Monday, September 22, 2014

Living My Dream

Actors and spectators in a Revolutionary War camp
Today was the first day back to school and regular life after a week vacation in Williamsburg with our sweet friends. We are filled up with historical sites, facts, and experiences. Then, a full day of flag football on Saturday. Sunday, The Lawyer and I celebrated our 15th anniversary. I ate a lot of chocolate today to ease the re-entry. Perhaps that's why I'm still awake, too.

As The Lawyer and I hiked Humpback Rocks in the Blue Ridge yesterday, we talked about our dreams, where we've come from, the patterns we see in our lives, and some of our hopes for the future. There were days last month when I was asking myself questions like, "if my husband is dying of cancer and we have only a short time left, what do we need to take care of? Am I clear on the legacy he wants me to carry on if he were absent? How can we fully enjoy and maximize every moment? How do I love him well?
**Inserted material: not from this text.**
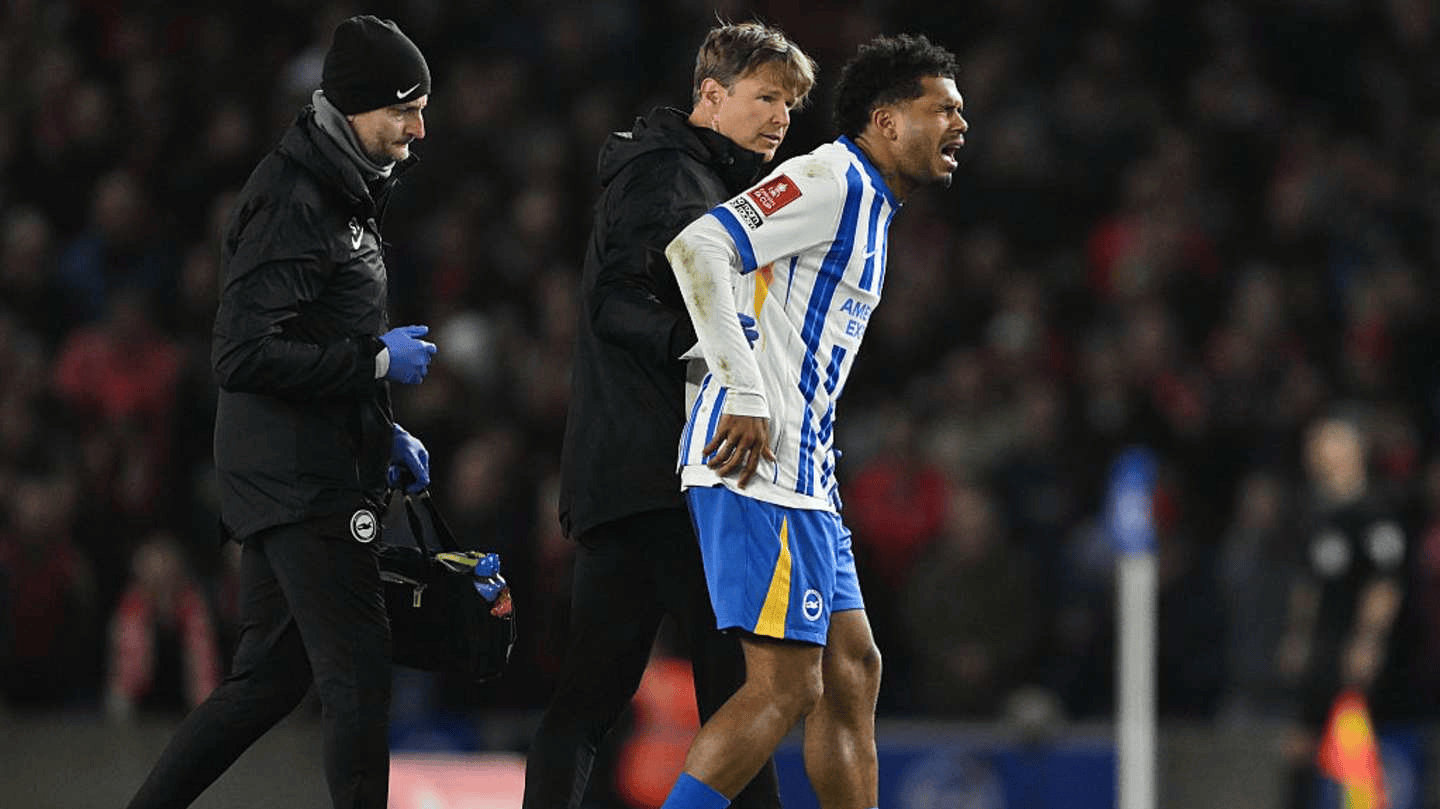 阿斯顿维拉主场不敌，保级形势岌岌可危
What do I need to ask forgiveness for? How am I going to make it without him?"

Of course, we all have a short time left. We don't know the number of our days and they are passing by like flowers fading in the sun. So, my questions in the face of a possible diagnosis are really questions that I want answered now.

There are things we want that we don't have. That will always be the case. There are hard things, challenges, difficult relationships. And YET... when I think about what I really want, I already have it.

I have LIFE. I'm living and breathing, seeing and feeling... and that is glorious in itself.

I've been gifted an amazing husband. I still believe the Lord grew us up for each other and I have the joy of living with my best friend and doing life with a handsome, loyal, smart, funny, hardworking man.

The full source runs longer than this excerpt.